Hal yang sama dilakukan oleh pemerintah Jepang. Hanya saja pemerintah Jepang menggelontorkannya sebelum meletusnya Perang Dunia II. Sedangkan Indonesia terlambat, sehingga mimpi untuk maju pantas dibuang jauh-jauh jika infrastruktur, yang jelas-jelas sebagai syarat menggapai kemajuan, belum tersentuh. Bantuan pemerintah berupa subsidi pupuk yang mencapai angka 18 triliun pun belum bisa dikatakan tepat sasaran. Angka itu pun relatif kecil, karena hanya kuat untuk membeli beras 3 juta ton.
Sebenarnya lebih tepat, kalau subsidi itu diganti subsidi output, yakni dengan cara membeli gabah petani sebagaimana diterapkan di Jepang. Sudah saatnya Indonesia memikirkan bagaimana membuat input teknologi yang memadai dan menguntungkan. Sehingga kita tidak gamang ketika melangkah. Memang sudah saatnya kita menuju kesana!
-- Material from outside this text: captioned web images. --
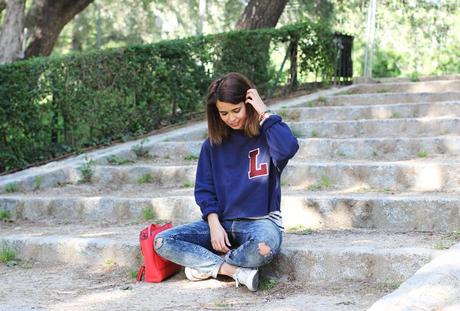 Letterman Sweatshirt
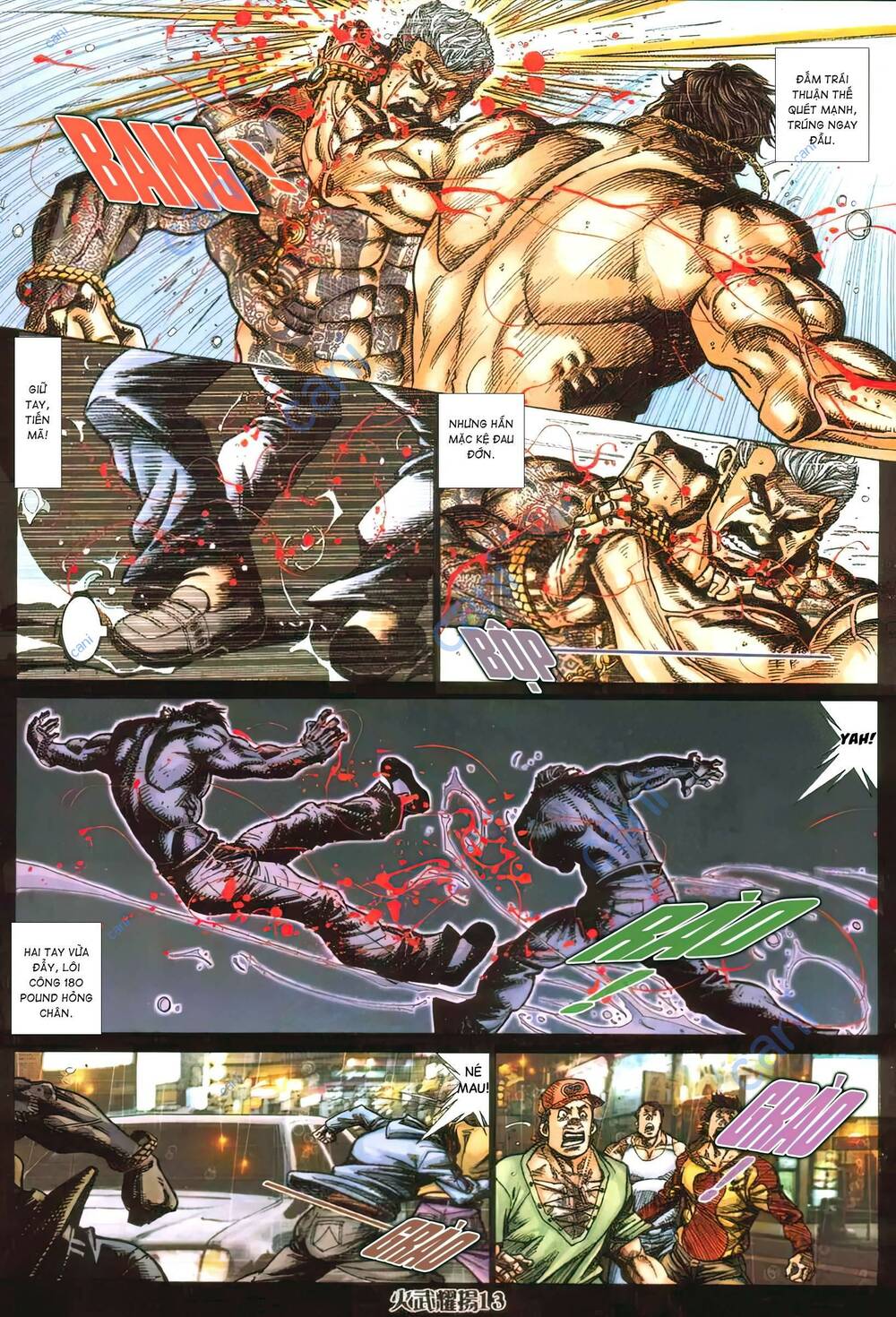 Hỏa Vũ Diệu Dương Chap 412 - Next Chap 413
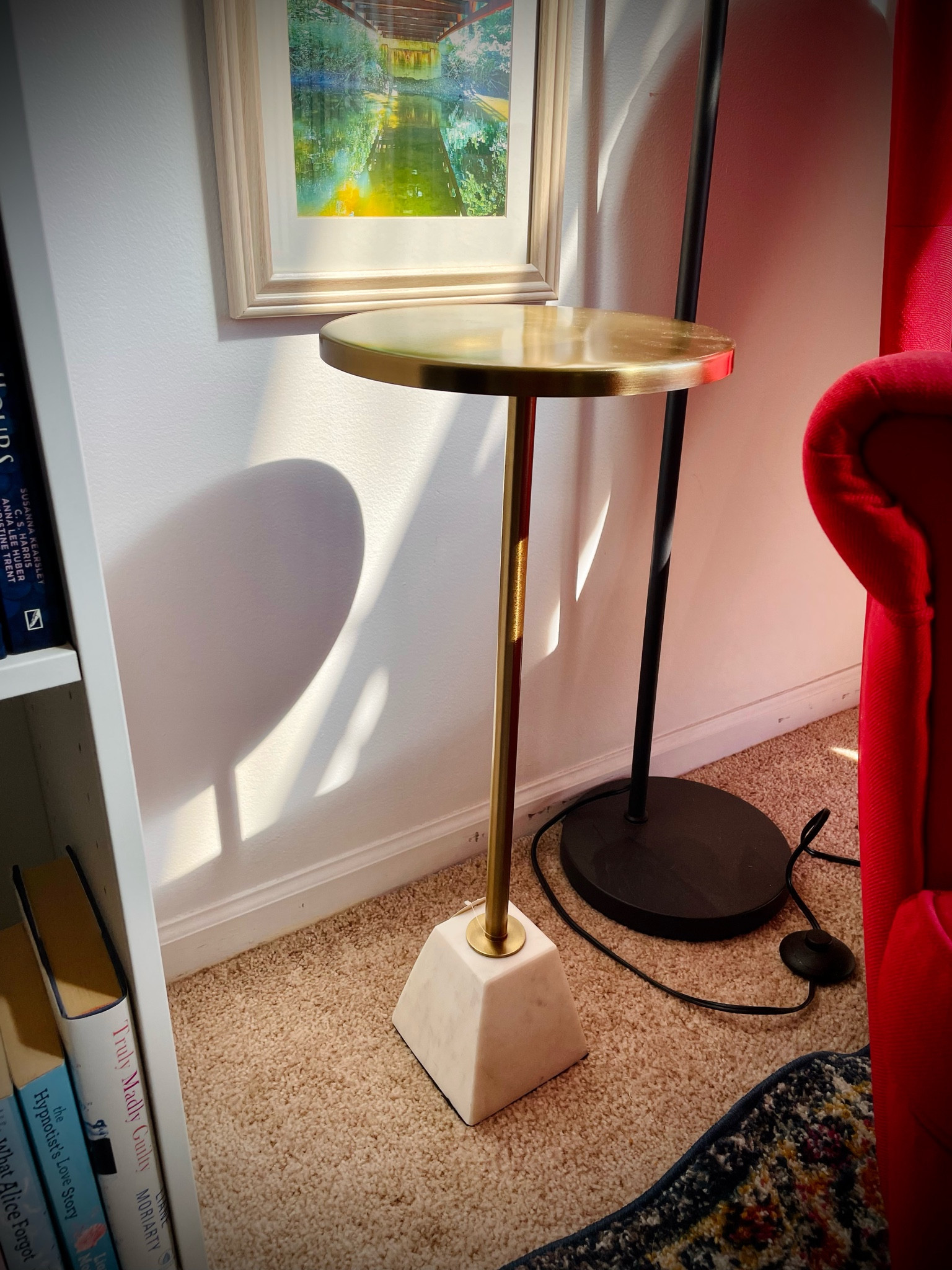 New side table! Currently 20% off for Target Deals week 🎯

Home decor, living room refresh, interiors

#LTKhome #LTKfindsunder100 #LTKsalealert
Menurut Mentan sebagaimana dibacakan oleh salah seorang staf ahlinya, Dr. Ir. Kaman Nainggolan, MS.
ketahanan pangan nasional kita kian memprihatinkan. Pertumbuhan permintaan pangan lebih cepat daripada pertumbuhan penyediaannya akibat peningkatan jumlah penduduk, pertumbuhan ekonomi, serta daya beli dan perubahan selera masyarakat. Sedangkan permasalahan utama dalam mewujudkan ketahanan energi di Indonesia meliputi tingginya ketergantungan terhadap bahan bakar fosil padahal makin langka dan mahal, terbatasnya penyediaan energi alternatif terbarukan yang siap dikonsumsi, terbatasnya teknologi dan prasarana baik untuk pengolahan bahan maupun untuk pemanfaatan energi terbarukan yang siap dikonsumsi, mahalnya biaya produksi sebagian besar energi alternatif, rendahnya pengetahuan dan kemampuan masyarakat dalam pemanfaatan energi alternatif terbarukan.